Why one woman’s fight to be with her husband wound up at the Supreme Court

The World
din

Sometimes, it can take a while to get a visa. But Fauzia Din’s dilemma is of an entirely different magnitude.

Nine years ago, it appeared that Din’s husband in Afghanistan would receive a US visa without much problem. Din is a US citizen and she had recently married Kanishka Berashk in Kabul. Her family, who knew Berashk’s family for generations, had arranged the marriage.

Next, the plan was for the couple to reunite in Fremont, California, where Din moved years ago after fleeing war in Afghanistan.

But they are still waiting.

What happened? At first, things went smoothly. In 2008, Din says a consular officer at the US embassy in Islamabad, Pakistan, told Berashk, after his visa interview, that he’d receive a visa in about six weeks. (The embassy in Afghanistan was not processing such visas at the time.)

After six weeks became three months, Din, 44, emailed for more information. The visa was “still pending.” After more waiting and dead-end inquiries, Din pressured for information through a lawyer and then-US Rep.

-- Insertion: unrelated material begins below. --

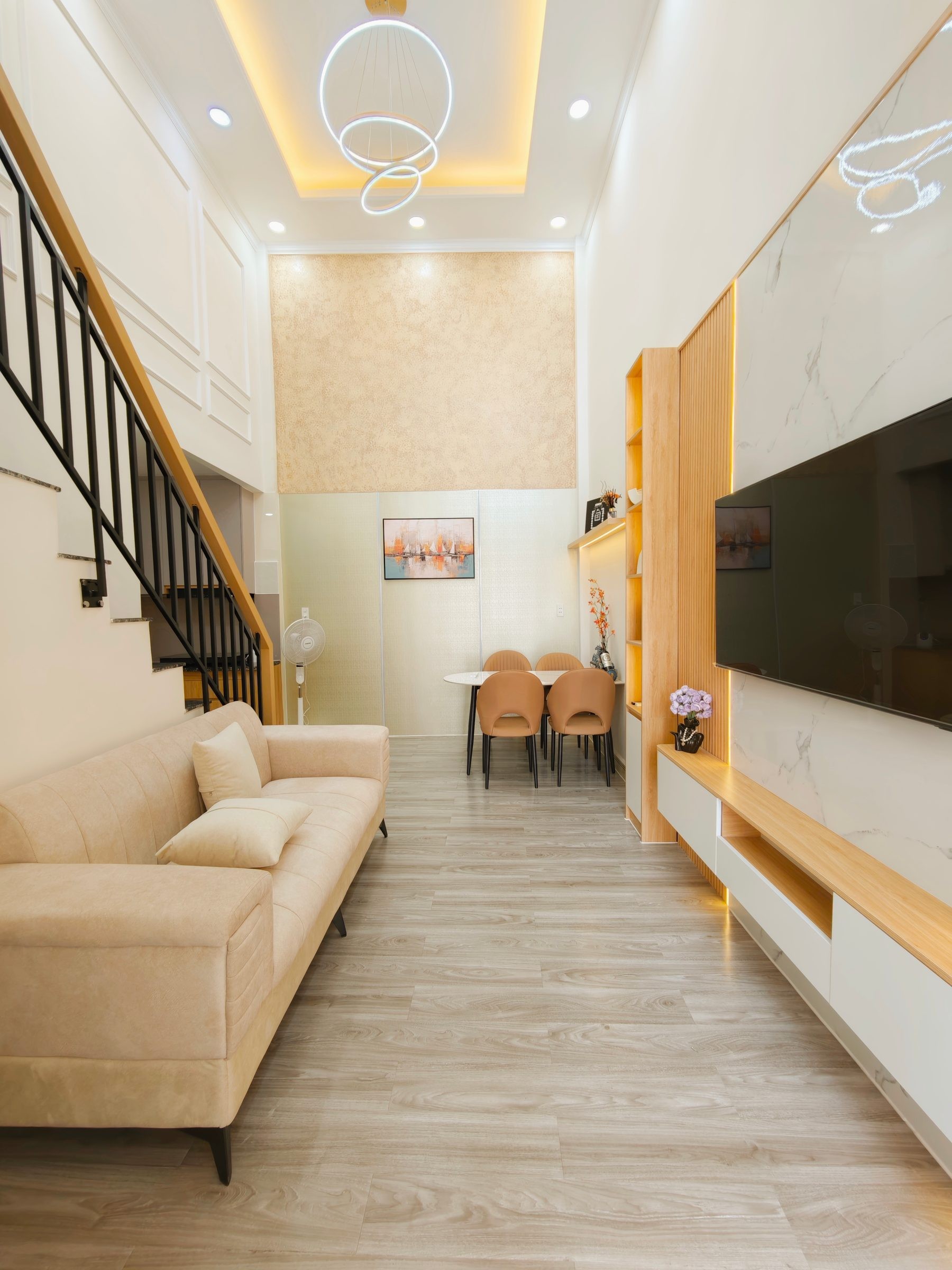 BIỆT THỰ MINI XÔ VIẾT NGHỆ TĨNH, DT ĐẤT 69M2 (ODT), HẺM 3GAC, SÂN RIÊNG DÀI 15M - Ảnh 4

Pete Stark, a Fremont Congressman who served 40 years before losing his seat in 2012.

Eventually, Din, a home health care aide, found out that US officials had denied her husband’s visa, citing a federal law that relates to terrorism.

Din was shocked. “I didn’t think that people would think that my husband was a terrorist,” she said in Dari through an interpreter. “I left my country because of terrorism.”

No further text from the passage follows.